複雑・ファジー小説

Re: 心を鬼にして ( No.18 )
日時: 2016/07/18 15:52
名前: 凜太郎 (ID: LN5K1jog)
参照: http://naop.jp/mondai.html

第5話「先輩の夢を叶えよう!県大会の始まりだ!」2

「このままじゃ俺たち・・・・・・クビ、だな」

 ソファに座ったクドツは、そう呟いて顔を歪めた。
 それを聞いたキモンはチッと舌打ちをして軽く目の前にあったテーブルを蹴る。

「物に当たるな。どうしようもないだろ」
「だからってよぉッ!このままジーケが帰ってくるまで仕方なく働いてるなんて、俺様のプライドが許さねぇ!」
「そう言ったって・・・・・・待てよ」

 クドツは顎に手を当てて一考し、何かを閃いたように目を見開く。
 しかし、すぐに首を横に振った。

「いや、流石にこれは無理か」

−−−

「今日も練習疲れたなぁー!」
「毎日それじゃん」

 部活が終わり、いつものように言った俺に氷空が苦笑いで言った。
 俺は唇を尖らせて「いいじゃんかよー」と言う。
 その時、鞄がゴソゴソと蠢いた。
 チャックを開けると、アカトがニュポッと顔を出した。

「りゅーとは最近オイラのこと放置しすぎだアカ!」
「だってお前ちいせぇしよぉ」
「なッ!?」
「そういやぁ、氷空にも青鬼いるんだよな?俺名前知らないんだけど」

 俺が聞くと氷空は目を丸くし、少し考えた後で言った。

「僕も知らない」
「はぁ?」

 予想外の解答に、俺とアカトは氷空の顔を見た。
 氷空は困ったように後頭部を掻く。

「だって、基本あの鬼とはあまり話さないし。家でも、ご飯とかあげる時以外は特に口も聞かないし」
「反抗期の息子かよ・・・・・・」
「お?氷空は親とは仲が良くないのか?」

 その時後ろから声がした。振り返ると、緑川先輩が立っていた。
 先輩は俺が持ってるアカトに目を向けて、「なんだ?それ。ぬいぐるみか?」と聞いてくる。

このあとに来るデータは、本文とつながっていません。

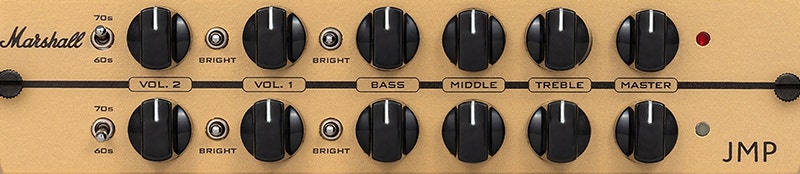 Synergy Marshall JMP The Sound That Shaped Generations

「あ、えっと、そ、そうなんですよー。あはは・・・・・・」
「こ、この前僕がゲーセンのユーフォーキャッチャーで取って!それを自慢していたんですよ」
「へぇ。相変わらず二人は仲が良いんだな」

 氷空の言葉を聞いた緑川先輩はそう言ってニカッと笑った。
 あぁ、爽やかすぎる・・・・・・。しかもイケメンだし、きっと勉強もできるんだろうなぁ・・・・・・羨ましい。

「ははっ。まぁ、ハイ」
「お前たちのコンビネーションはすごいって、康平が言ってたからなぁ。今は1年だから試合出れねぇけど、期待してるぞ!」
「俺たちが試合に出る頃には・・・・・・先輩はもう引退してるんですよね」

 俺の呟きに、先輩は一瞬笑みを引きつらせ、目を逸らした。
 俺は、自分でもよく分からないが、気付けば先輩に掴みかかっていた。

「俺!先輩のサッカー好きです!俺、いつか先輩とプレイしてみたいって思ってて・・・・・・」
「・・・・・・俺だってお前たちや、他の1年生とも一緒にやってみてぇよ」

 緑川先輩はそう呟くように言うと、足元にあった石を強く蹴った。
 それは何度か地面を削りつつ、遠くの電柱にぶつかる。
 先輩はそれを見て軽く舌打ちをした。

「でも、そういうわけにはいかねぇんだ。俺たちはどんなに頑張っても、全国大会までだからな」
「先輩・・・・・・」
「あの・・・・・・」

 その時、氷空が口を開く。
 彼はしばらく視線を彷徨わせた後で、小さな声で言った。

「健二が言ってましたけど、例えば、先輩がプロ目指してサッカーするなら、もしかしたら、一緒に出来る可能性もあるかもって」
「プロか〜。なれたらいいとは、思うけどな」
「じゃあっ!」
「でもなぁ・・・・・・ホラ、プロで食っていくのって、めっちゃムズイだろ?」

 緑川先輩は、そう言って悲しそうな笑顔を浮かべた。
 しかし、すぐにいつもの爽やかな笑顔を浮かべて俺の頭をポフポフと軽く撫でた。

「もうすぐ県大会なんだ!ここで負けたら、予定より早くサッカー辞めることになっちまうからな!お前らも応援しろよー?プロだとかは置いといて、今の俺の夢は、お前たち含めた今のメンバーで全国優勝することなんだからな!」

 先輩の言葉に、俺たちは「はいっ!」と頷いた。